Problem details: Among the entries that follow, locate the line with "Valokuvaaja: Anne Moilanen" and the line with "פנסיון Casa Rosca Busteni". Output those lines and all lines in between, exactly, minus the pictures.

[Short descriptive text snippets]
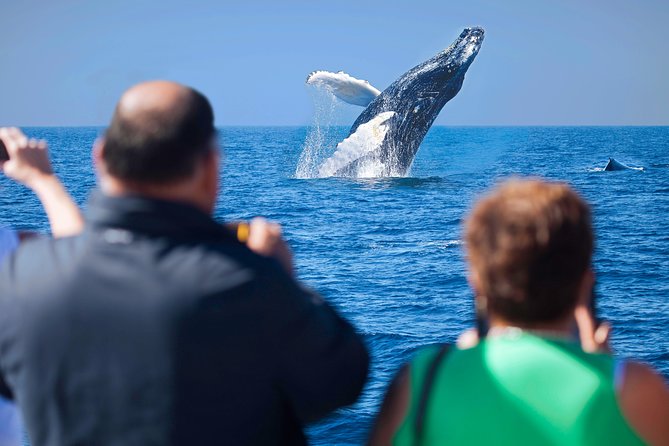 Los Cabos Whale Watching Cruise Including Breakfast - The Arch, Lovers Beach, and Cabo’s postcard coast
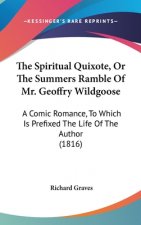 The Spiritual Quixote, Or The Summers Ramble Of Mr. Geoffry Wildgoose: A Comic Romance, To Which Is Prefixed The Life Of The Author (1816)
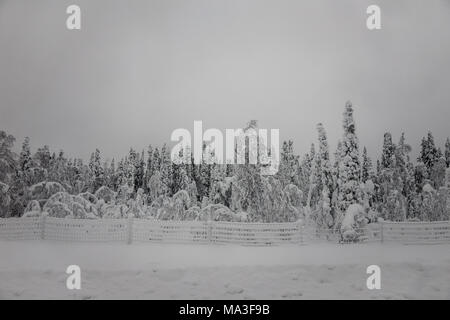 Viaggio in treno da Kiruna per Boden, Svezia Foto Stock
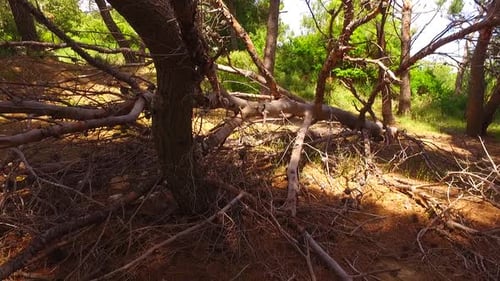 Old and Dried Pine Tree on the Ground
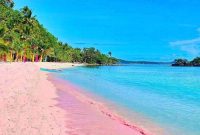 Pink beach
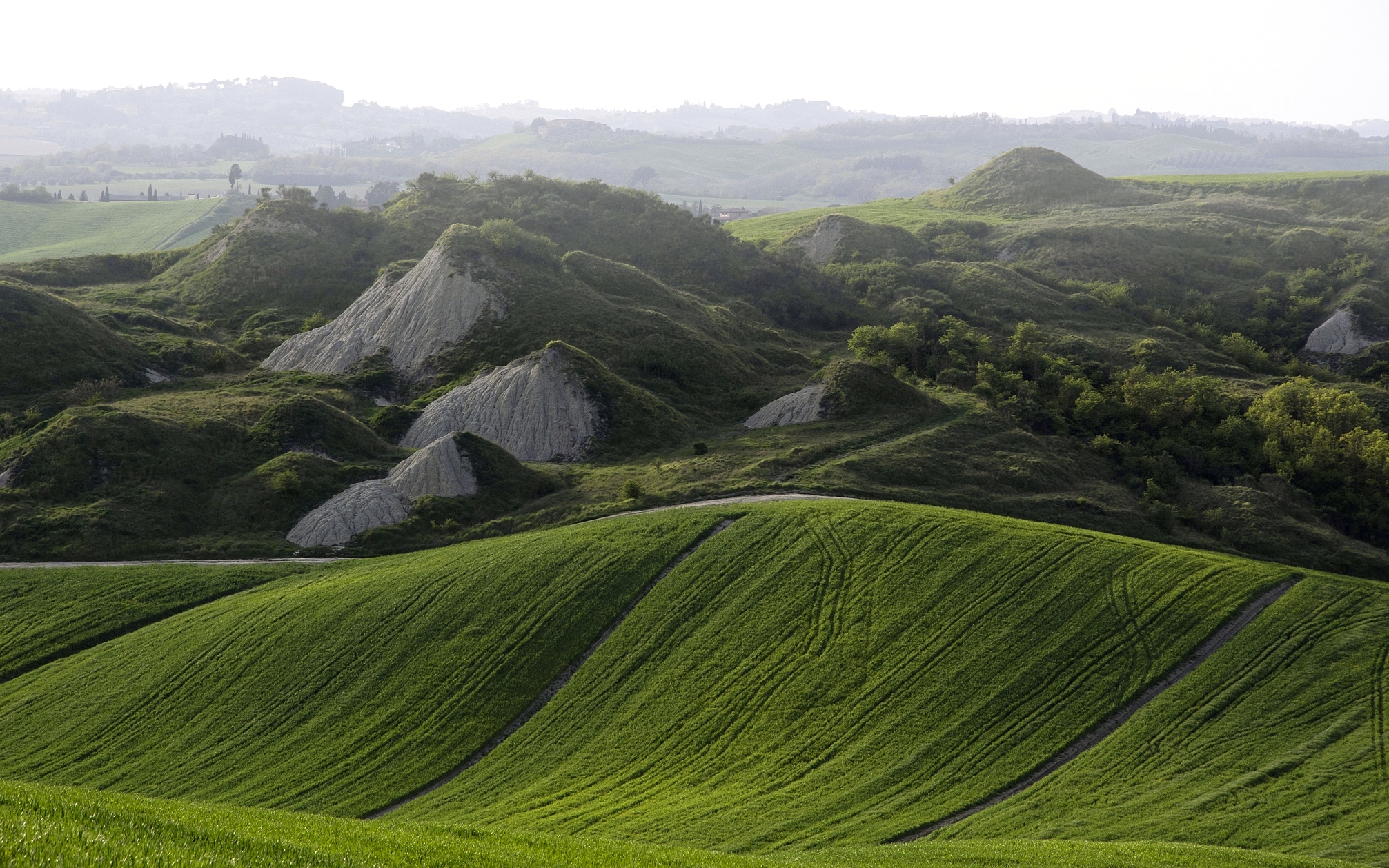 Crete Senesi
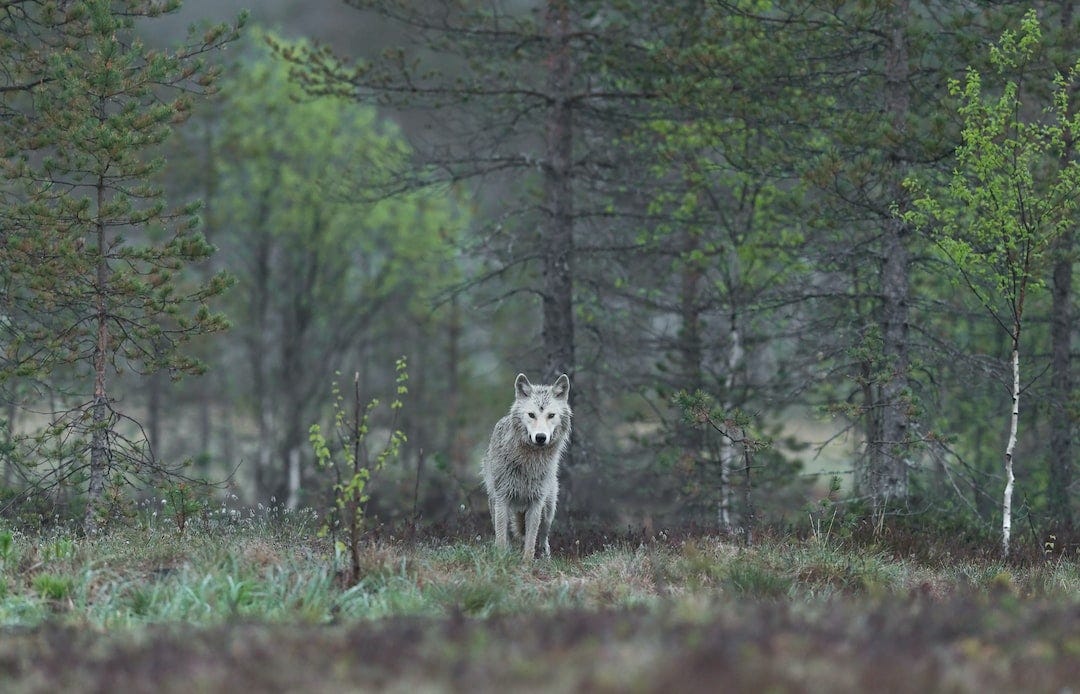 white wolf between trees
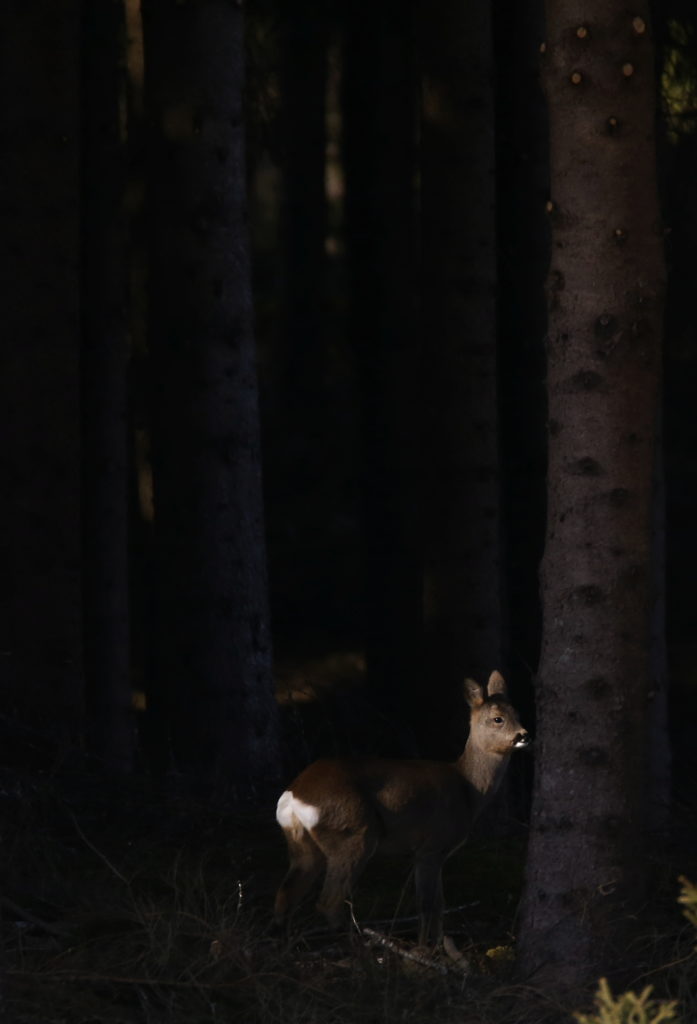 Valokuvaaja: Anne Moilanen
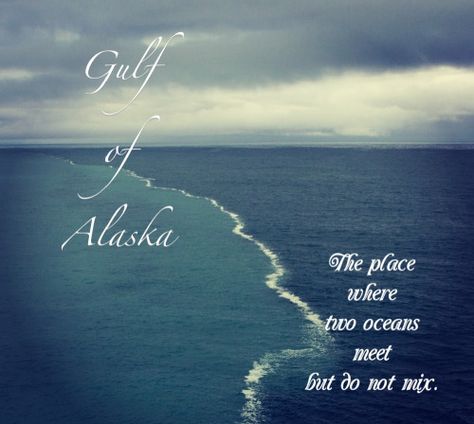 gulf of alaska where two oceans meet | gulf of alaska..where two oceans meet but do not mix Alaska Wallpaper, Two Oceans Meet, Gulf Of Alaska, Anchorage Alaska, Flowing Water, Oceans Of The World, Adventure Awaits, Images Photos, Vacation Spots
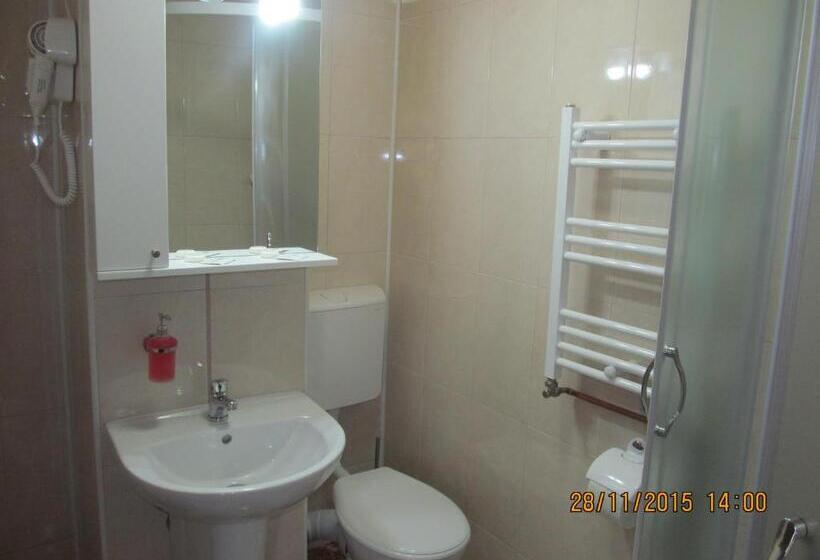 פנסיון Casa Rosca Busteni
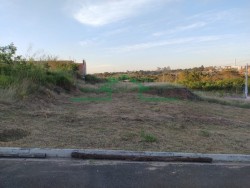 NOVO HORIZONTE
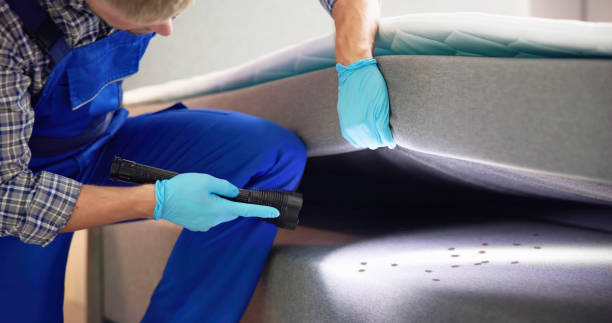 Best Pest Inspection Near Me  in Anthony, TX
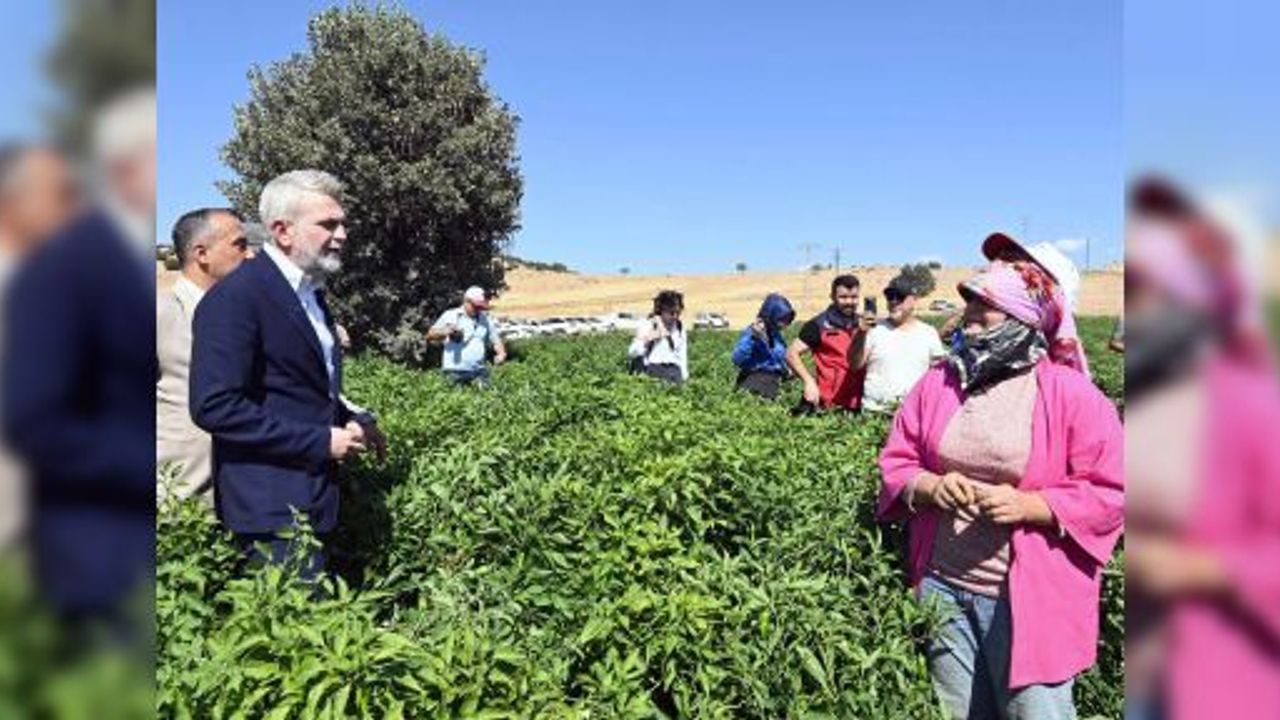 ÇİFTÇİYE 100 MİLYONLUK DESTEK, ÜRETİME GÜÇ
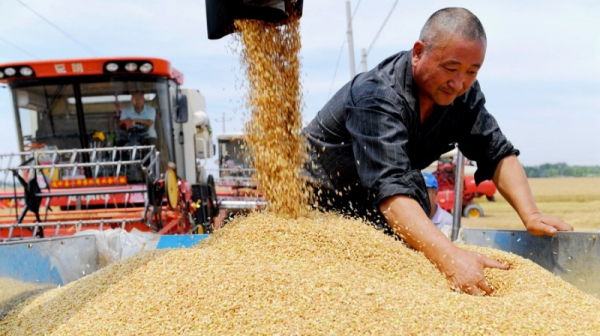 Trung Quốc thúc đẩy sản lượng ngũ cốc trong Luật An ninh lương thực mới  -0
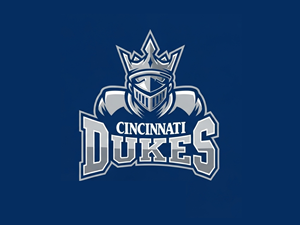 Logo Design by Hasib3509 for eDriven Solutions | Design: #36451363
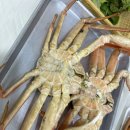 주문진 수산시장 - 대게 싸게먹을 수 있는 곳 추천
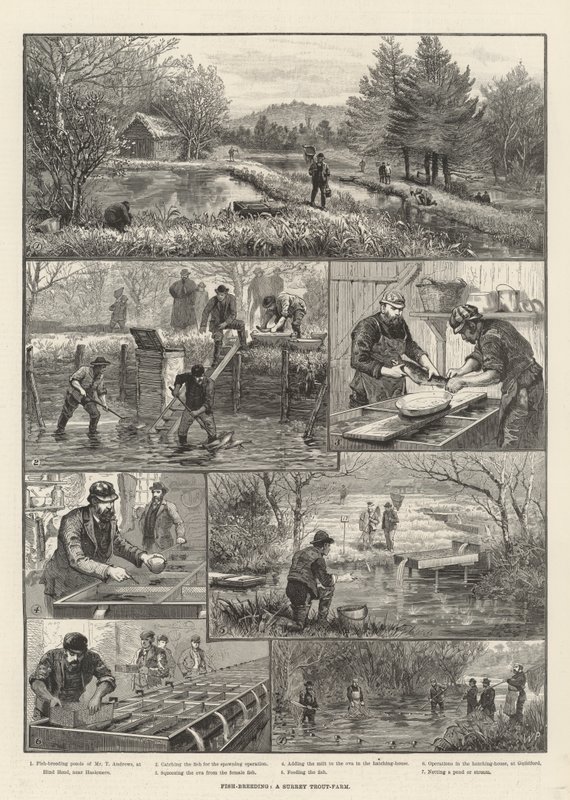 Fish-Breeding, a Surrey Trout-Farm by Walter Paget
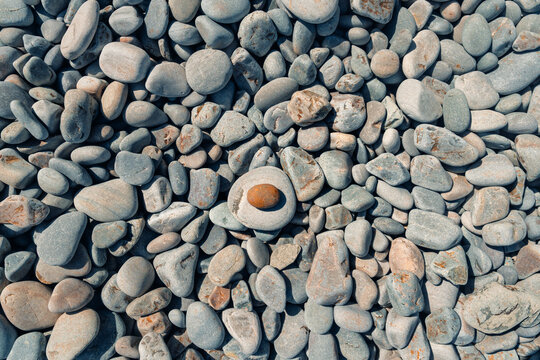 Close-up view of various smooth pebbles on the ground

Finished exercise:
 Valokuvaaja: Anne Moilanen
 gulf of alaska where two oceans meet | gulf of alaska..where two oceans meet but do not mix Alaska Wallpaper, Two Oceans Meet, Gulf Of Alaska, Anchorage Alaska, Flowing Water, Oceans Of The World, Adventure Awaits, Images Photos, Vacation Spots
 פנסיון Casa Rosca Busteni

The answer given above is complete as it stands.